As the cost of gas, groceries and housing continues to rise, NDP MP Richard Cannings wants to make it a bit easier at the end of the day to enjoy a cold beer. Cannings’ new Bill C— is proposing to eliminate the federal excise tax on low-alcoholic beer.

“An error was made and the result is that Canada doesn’t treat all low-alcohol beverages equally” said Cannings referencing that low alcohol wine and spirits are not subject to the tax while beer with a 0.5% alcohol by volume level or below is. “Just like the other low-alcohol choices we find in grocery stores, low-alcohol beer is a health-conscious and increasingly popular choice that we should not deter” noted Cannings.

Cannings, who is the NDP’s Critic for Small Business and Tourism also pointed out that Canada’s trading partners do not collect excise duties on non-alcohol beer. “As someone from what the Lonely Planet has dubbed the ‘Craft Beer Capital of Canada’ and I am encouraged that fixing this error would likely help expand domestic production of low-alcohol beer.”

Canada’s beer industry agrees. Luke Chapman, Vice President of Beer Canada whose members collectively represent 90% of the beer produces in Canada point out that “Canada is the only country we’re aware of that currently applies an excise tax on non-alcohol beer. Canadians might not know this but brewing high quality low and no-alcohol beer is a complex and costly process. Fixing this issue will send a positive signal to the industry and over the long-term has the potential to improve the selection of no and low-alcohol beer options available to consumers. We thank Mr. Cannings’ and his NDP colleagues support for the Canadian beer industry, and the 149,000 Canadians whose jobs are supported by beer.”

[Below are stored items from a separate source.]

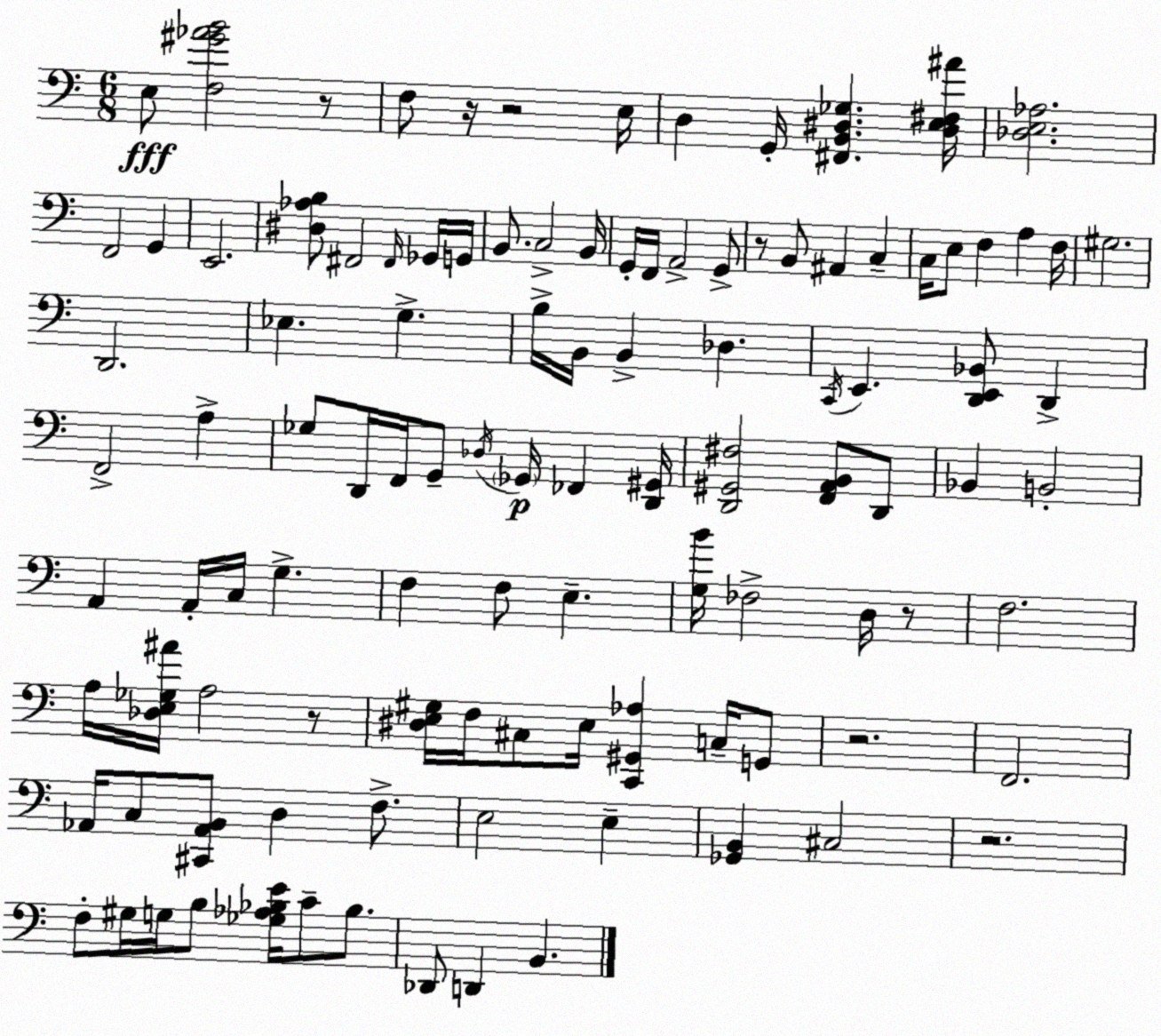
X:1
T:Untitled
M:6/8
L:1/4
K:C
E,/2 [F,^G_AB]2 z/2 F,/2 z/4 z2 E,/4 D, G,,/4 [^F,,B,,^D,_G,] [^D,E,^F,^A]/4 [_D,E,_A,]2 F,,2 G,, E,,2 [^D,_A,B,]/2 ^F,,2 ^F,,/4 _G,,/4 G,,/4 B,,/2 C,2 B,,/4 G,,/4 F,,/4 A,,2 G,,/2 z/2 B,,/2 ^A,, C, C,/4 E,/2 F, A, F,/4 ^G,2 D,,2 _E, G, B,/4 B,,/4 B,, _D, C,,/4 E,, [D,,E,,_B,,]/2 D,, F,,2 A, _G,/2 D,,/4 F,,/4 G,,/2 _D,/4 _G,,/4 _F,, [D,,^G,,]/4 [D,,^G,,^F,]2 [F,,A,,B,,]/2 D,,/2 _B,, B,,2 A,, A,,/4 C,/4 G, F, F,/2 E, [G,B]/4 _F,2 D,/4 z/2 F,2 A,/4 [_D,E,_G,^A]/4 A,2 z/2 [^D,E,^G,]/4 F,/4 ^C,/2 E,/4 [C,,^G,,_A,] C,/4 G,,/2 z2 F,,2 _A,,/4 C,/2 [^C,,_A,,B,,]/2 D, F,/2 E,2 E, [_G,,B,,] ^C,2 z2 F,/2 ^G,/4 G,/4 B,/2 [_G,_A,_B,E]/4 C/2 _B,/2 _D,,/2 D,, B,,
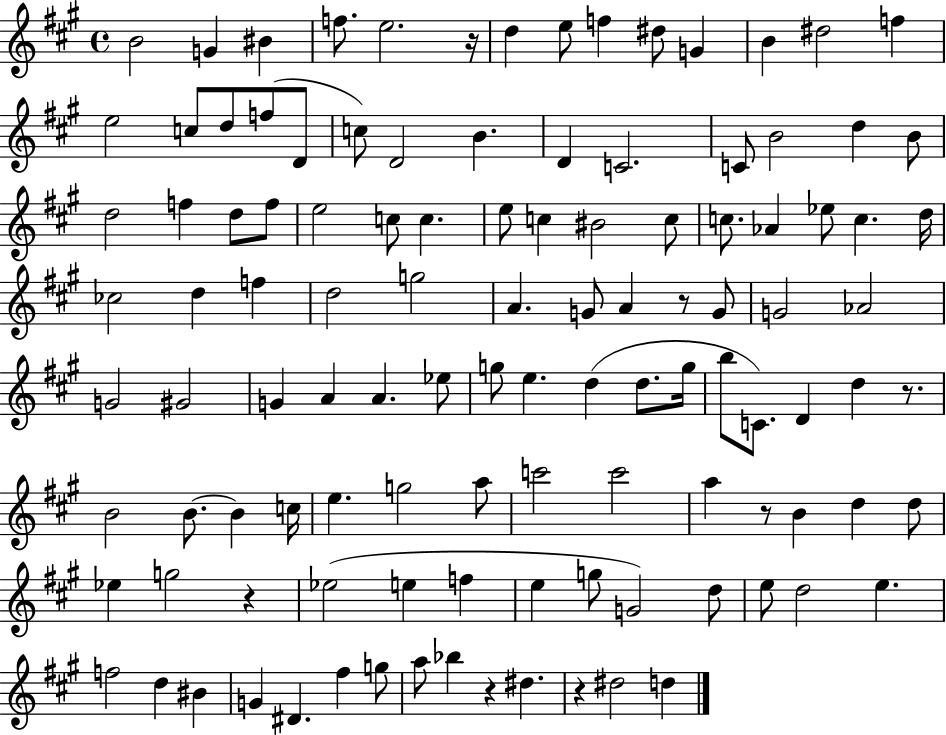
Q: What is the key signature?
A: A major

In 2020, the federal government collected an estimated $1.1 million in excise tax on low-alcohol beer sales. Justification for alcohol and other taxes include reasoning that the government revenue generated helps Canadians. But as Cannings points out, “for the sake of industry and Canadian consumers, government should offer consistent and logical policy across this sector. The removal of the excise tax on low-alcohol beer should be a welcome and easy fix.”

Cannings’ bill aims to quickly correct the excise tax inconsistency with hopes of the government including it in its budget implementation act in the coming weeks.